Parents could not file suit on behalf of adult child.

Where plaintiff was in a car accident when she was four years old, and her parents filed a personal injury suit purporting to represent her once she turned 18, the trial court properly granted summary judgment based on the statute of limitations. The parents, who were not attorneys, could not represent plaintiff, and by the time the motion to dismiss had been filed more than one year had passed since plaintiff turned 18, so any claim was time-barred.

In McCall v. United Parcel Service, No. M2022-01112-COA-R3-CV (Tenn. Ct. App. May 15, 2023), plaintiff was in a car accident when she was four, and after she turned 18, her mother and father filed this personal injury action on her behalf. Plaintiff did not sign the complaint, and neither parent was an attorney. Defendant filed a motion to dismiss based on the one-year statute of limitations. At the hearing, the mother stated that plaintiff had been on an IEP in school but “had never been adjudicated incompetent or disabled.” The trial court granted dismissal, and the Court of Appeals affirmed.

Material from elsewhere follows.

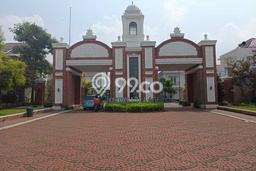 Hunian Cantik Modern Lb 120m2 di Pagedangan, Tangerang Hunian Cantik Modern Lb 120m2 di Pagedangan, Tangerang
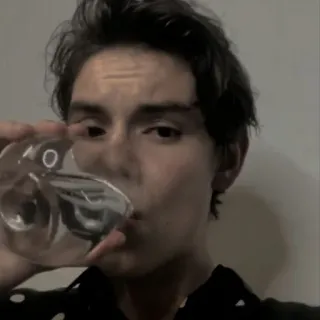 🍷 a4d30b73 osoba, picie, szkło, woda, portret telegram sticker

On appeal, the Court first analyzed whether it would consider certain post-judgment facts submitted by plaintiff. Tenn. R. App. P. 14 provides that “the consideration of post-judgment facts that are ‘unrelated to the merits and not genuinely disputed’ may be ‘necessary to keep the record up to date.’” Post-judgment facts that “could be disputed in the trial court or from which different conclusions could be drawn” should not be considered. (internal citation omitted). The facts presented by plaintiff included a school psychoeducational evaluation, an IEP, a psychologist evaluation, and letters of guardianship and letters of conservatorship dated after the order of dismissal was entered. The Court of Appeals declined to consider any of this evidence, finding that the school evaluation and IEP “existed at the time of the trial court’s ruling” and that the psychologist evaluation and letters were “offered to establish [plaintiff’s] competency, which is a disputed issue in this case,” so did not qualify as being “unrelated to the merits and not genuinely disputed.

The Court next analyzed whether plaintiff’s claim was time-barred. Personal injury actions are subject to a one-year statute of limitations pursuant to Tenn. Code Ann. § 28-3-104(a)(1)(A). Because plaintiff was a minor at the time of the accident, the Court looked to Tenn. Code Ann. § 28-1-106, which governs tolling for minors and persons adjudicated incompetent. Under that statute, the limitations period for plaintiff’s claim began to run on June 8, 2021, when she turned 18. This case was filed by her parents on her behalf on April 19, 2022, which was within the one-year period, but her parents were not attorneys. While a person may represent themselves under Tenn. Code Ann. § 23-1-109, only a licensed attorney may represent someone else. The mother’s purported conservatorship status over her daughter did not give her the right to practice unauthorized law by representing plaintiff in this lawsuit. (internal citation omitted). “Because neither the complaint nor the amended complaint was signed by [plaintiff] or by a licensed attorney, the complaints were nullities and had no effect.” (internal citation omitted). Dismissal based on the statute of limitations was thus affirmed.

During the appeal, the parents asserted that plaintiff’s statute of limitations was tolled because she was not competent. Because the issue of plaintiff’s competence was not raised in the trial court, it was not proper to argue in the Court of Appeals.

This opinion was released 1.5 months after the case was assigned on briefs.